Kategoria Pierwsza strona, Blog kulinarny - Monika Walczak

Na stronie Towarzystwa można znaleźć ponad sto przepisów zgodnych ze wskazówkami św. Hildegardy, a w Radio Warszawa pojawiają się kolejne. Najwyższy czas, by ująć kuchnię naszej Mniszki w ramy, spojrzeć na nią niejako z lotu ptaka, całościowo, jako na zbiór pewnych wskazań. Otóż…

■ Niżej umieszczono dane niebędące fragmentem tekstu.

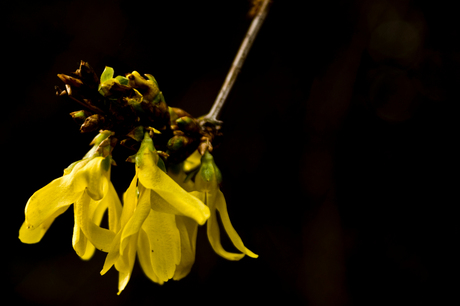 Lente in bloei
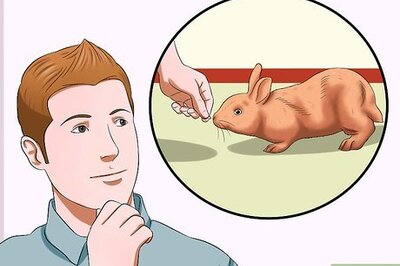 How to Train a Rabbit to Stop Chewing Carpet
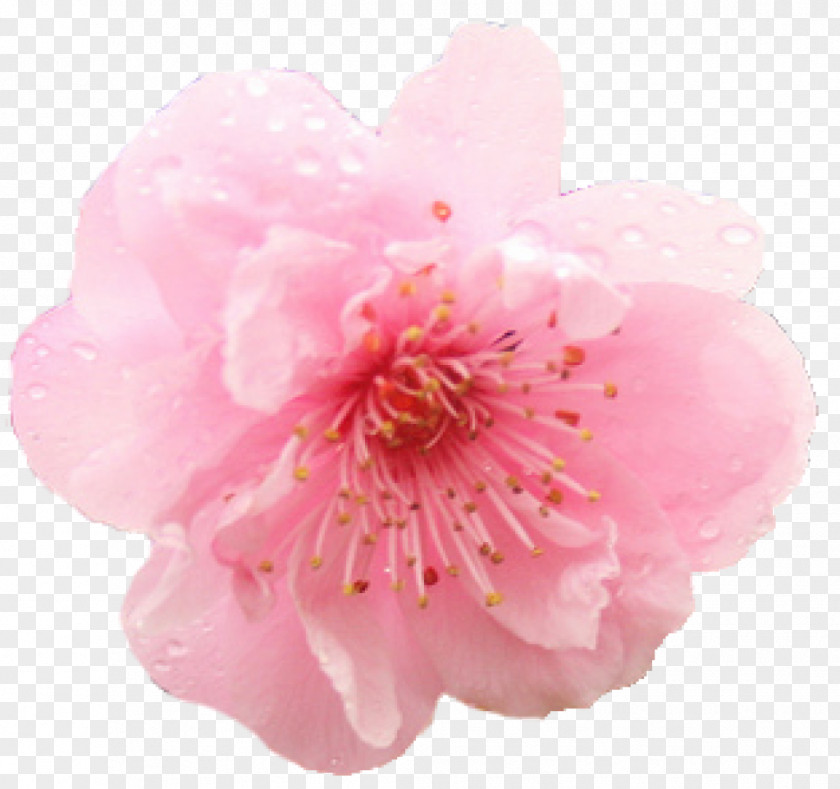 Sprinkle Flowers To Celebrate Cherry Blossom Flower PNG
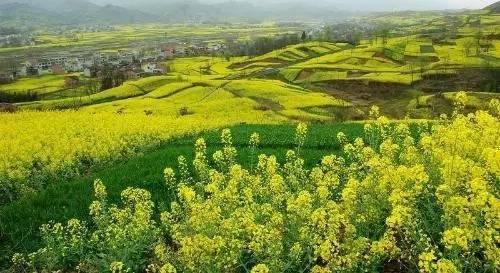 汉滨区江北办,汉滨区恒口镇,汉滨区洪山镇,汉滨区早阳镇,汉滨区田坝镇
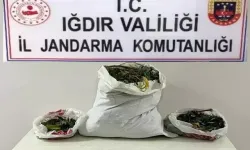 Iğdır’da 33 Kilo Uyuşturucu Madde Ele Geçirildi!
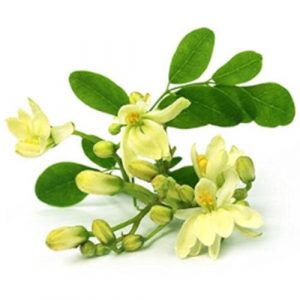 Organic Greens Murungai Poo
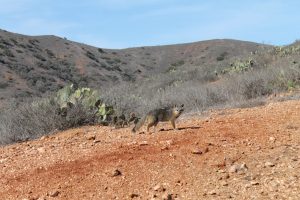 Catalina Island Fox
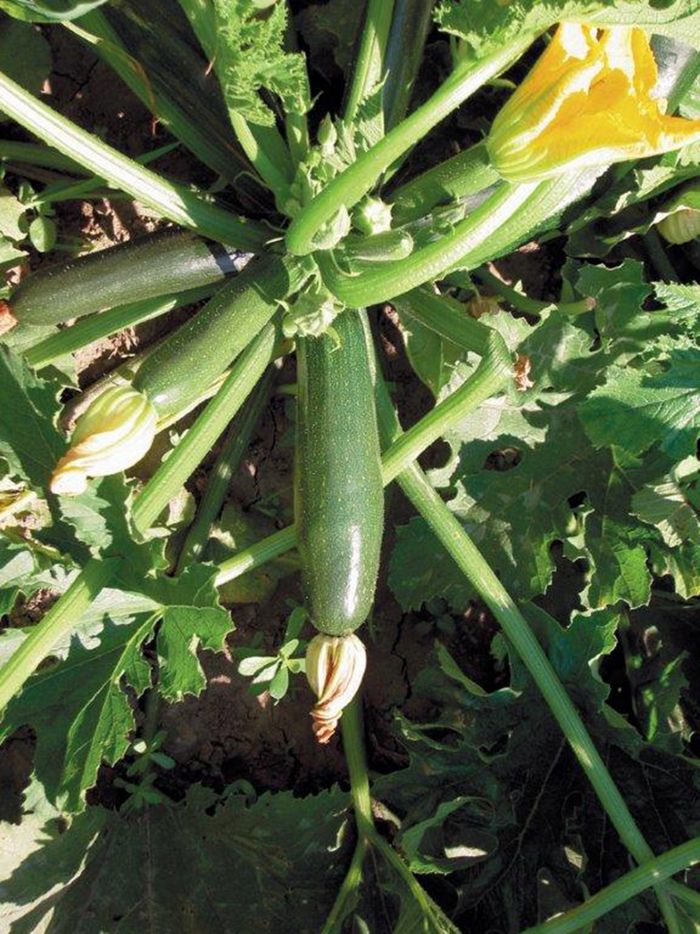 Zucchini Zucchini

W kuchni św. Hildegardy to nie liczenie kalorii i tabele witamin są najważniejsze, lecz NATURA POŻYWIENIA. Mniszka opisała i sklasyfikowała każdą roślinę, rybę czy rodzaj mięsa, jaki był jej dostępny, odnosząc się do takich kategorii jak „ciepły” – „zimny”, „wilgotny” – „suchy” (znajdziecie je w dziele Physica), wskazała też na pewne subtelności, czyli siły jakie drzemią w produktach, a z jakich my możemy skorzystać. Podstawą Jej kuchni jest WŁAŚCIWE ROZEZNANIE co do owej natury produktów, zwanych przez nią środkami do życia.

W żywieniu Świętej ważny jest KOMFORT TRAWIENNY, powalający korzystać z dobra jakie niesie nam pożywienie, wszak buduje nas nie to co zjemy, lecz to co jesteśmy w stanie strawić i przyswoić. Wychłodzenie i niedobory termiczne w żołądku i śledzionie są – zdaniem Hildegardy – przyczyną wielu przewlekłych chorób. Poza odpowiednimi artykułami spożywczymi (zwykle są one ciepłe lub neutralne termicznie) w hildegardiańskiej kuchni ważną rolę odgrywa ogień: potrawy są tam parowane, gotowane, pieczone, macerowane w marynatach, podawane z dressingami lub choćby podgrzewane na ogniu. W ten sposób najlepiej korzystamy z zasobów przyrody.

Trawienie wspomagają nie tylko ciepłe pokarmy, ale również ODPOWIEDNIE ZIOŁA I PRZYPRAWY, nadające smak potrawom, a będąc prekursorami leków – wspomagają szeroko rozumianą profilaktykę zdrowotną. Zdrowie według św. Hildegardy jest stanem równowagi pomiędzy różnymi elementami nas samych i ze światem. Jest to oczywiście stan idealny, który choć nieosiągalny ma być objęty naszym staraniem, po prostu dążymy do niego. Zioła i refleksja są nam w tym bardzo pomocne, jak również okresy kontrolowanego postu.

Święta Hildegarda nie rozpatruje produktu w oderwaniu od człowieka ani człowieka w oderwaniu od produktu, ona widzi ich relację. Zatem osobom wychłodzonym rekomenduje potrawy rozgrzewające, chorym i rekonwalescentom – lekkostrawne i skondensowane odżywczo (orkisz, kasztany jadalne, koper włoski), a osobom z gorącem w wątrobie lub ze zbyt dużą ilością śluzu – żywność, która pozwoli im ów nadmiar wytłumić i zrównoważyć. Wszystko to oczywiście w ramach WŁAŚCIWEJ MIARY, którą każdy z nas ustala dla siebie i przestrzega. Nie ma bowiem lepszej profilaktyki dla zdrowia niż umiarkowanie.

Zatem – choć na blogu kulinarnym zabrzmieć to może przewrotnie – w kuchni św. Hildegardy bohaterem nie jest przepis, ale produkt i nasze podejście do niego (Święta z Bingen nie napisała żadnej książki kucharskiej). Jest to jednak dobra wiadomość, bo oznacza, że św. Hildegardę cieszy nasza twórczość w kuchni i czerpanie radości z gotowania. Trzymajmy się zatem literalnie Jej wskazówek a z przepisami eksperymentujmy.